Portland has been known as "The City of Roses" since 1888, when Georgiana Pittock, wife of Oregon newspaper publisher Henry Pittock, invited friends to display their roses in a tent set up in her garden. Frederick Holman helped found the Portland Rose Society in 1889. The first Portland Rose Festival parade was held in 1907, and the Royal Rosarians – Portland's non-profit ambassadors of goodwill – were formed in 1912.
Genie Aylor Giles, a transplant from Texas who lives on S.E. Clatsop Street, is thrilled with Portland's roses. "We have 22 varieties at our home here in Sellwood," she says. "We buy several kinds every year to try out. Most are fragrant, and most are the 'David Austin type', which have lovely petals. My favorite so far is 'Double Delight', which starts out cream-colored, and then turns bright red as the flowers unfold. It's very fragrant, and doesn't grow out of hand."

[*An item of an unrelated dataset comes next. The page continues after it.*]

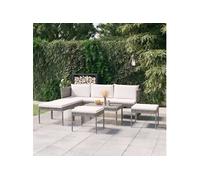 vidaXL Salon de jardin 6 pcs avec coussins Résine tressée Gris Gris G
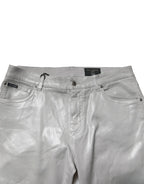 Dolce & Gabbana Silver Cotton Stretch Slim Denim Jeans - Zeiniez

Another favorite bloom in our part of town is named "Day Breaker" – which starts out orange, and turns pale yellow as it matures.
Many gardeners know all their roses by name. "This yellow one in front of the house is called 'Graham Thomas'," Giles explains, "And the pink one is 'Strawberry Hill'. 'Betty Boop', over there, blooms all summer long."
Due to careful IRTG records, rose lovers can select favorites by name for their gardens. For 100 years, the International Rose Test Garden has tested a plethora of specific varieties.
At the centennial event held August 26 at Washington Park, Commissioner Amanda Fritz remarked that the celebration marked 100 years of stewardship, volunteerism, and Portland's passion for roses.
Portland Parks and Recreation Director Mike Abbate added, "We thank the many partners and volunteers who have given countless hours to develop and maintain the gardens."